In the Report on Prudential Supervision and Resolution Activities, the Governor of the Bank of Greece, Yannis Stournaras, announced a strengthening of supervisory efforts and on-site inspections, with a particular focus on the procedures and systems used by supervised institutions for the continuous monitoring of customer transactions. This enhanced oversight aims to ensure the effective detection and investigation of suspicious transactions related to money laundering.

As highlighted in the Report, ensuring compliance by supervised institutions with the obligations arising from the legal framework for the prevention of money laundering and the financing of terrorism remains a key supervisory priority for the Bank of Greece in the coming years.

The adoption of the European Regulation on the prevention of the use of the financial system for the purposes of money laundering or terrorist financing (Anti-Money Laundering Regulation – AMLR), along with the establishment of the European Anti-Money Laundering Authority (AMLA), with a mandate to ensure the effective implementation of the Regulation, constitute fundamental pillars in the transition toward a robust and unified European regulatory and supervisory framework.

AMLA began its operations in 2025 and is expected to be fully staffed, develop its information infrastructure, and issue its regulatory and implementing technical standards within a three-year timeframe, with the aim of becoming fully operational by January 1, 2028. It will assume direct supervisory responsibility over 40 financial sector entities.

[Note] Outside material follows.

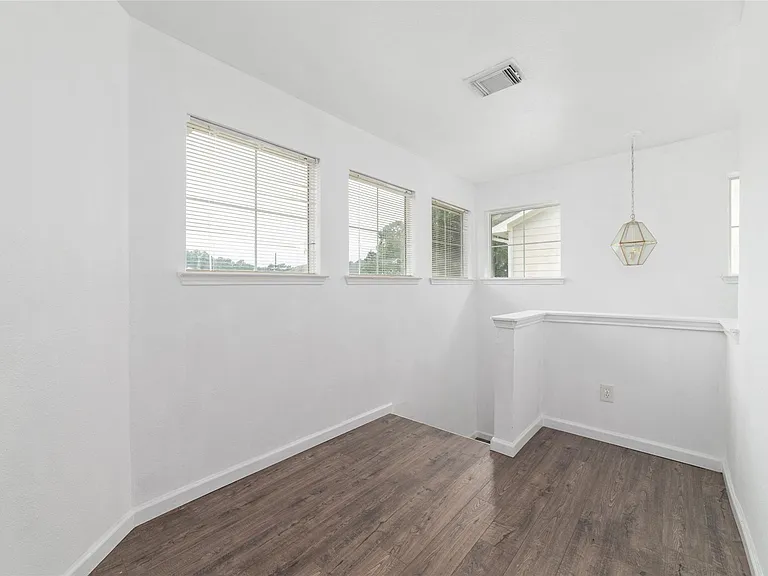 10106 Farrell Dr — Photo 10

Furthermore, 2024 marked a year of positive developments across the entire spectrum of supervised institutions, with particularly notable progress in the key financial indicators of Greek credit institutions. The non-performing loan (NPL) ratio reached its lowest level since Greece’s entry into the euro area.

Strong profitability and improved capital adequacy enabled the resumption of dividend distributions by Significant Credit Institutions. In the case of Less Significant Credit Institutions, the merger of two institutions was completed, accompanied by the restructuring of their loan portfolios and the strengthening of their capital base.

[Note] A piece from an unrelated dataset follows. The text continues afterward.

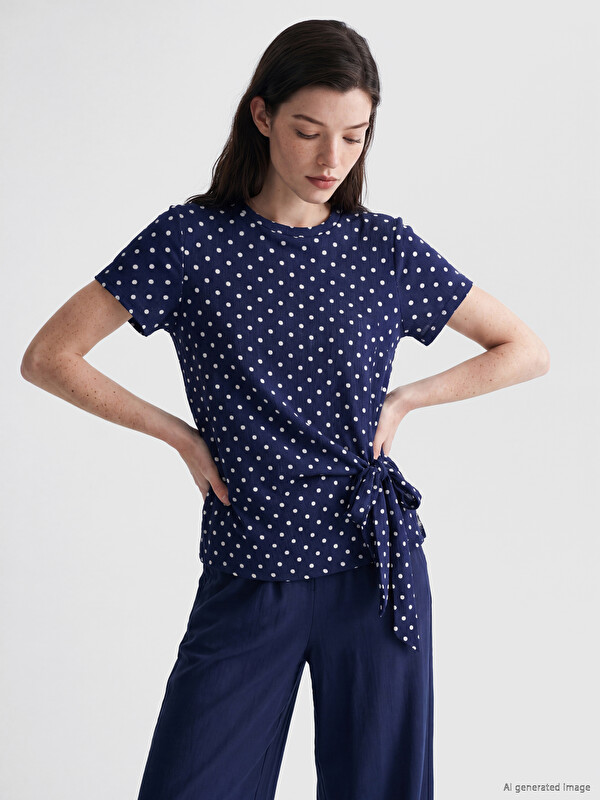 LCW Comfort Bisiklet Yaka Puantiyeli Büzgülü Bluz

However, as the Report notes, this positive picture is accompanied by significant challenges. The potential slowdown in global trade due to tariffs, ongoing geopolitical uncertainty, and the gradual decline in interest rates may affect the profitability of credit institutions. At the same time, the accelerating pace of digital transformation and the growing risk of cyber threats demand swift adaptation and substantial investment by supervised entities.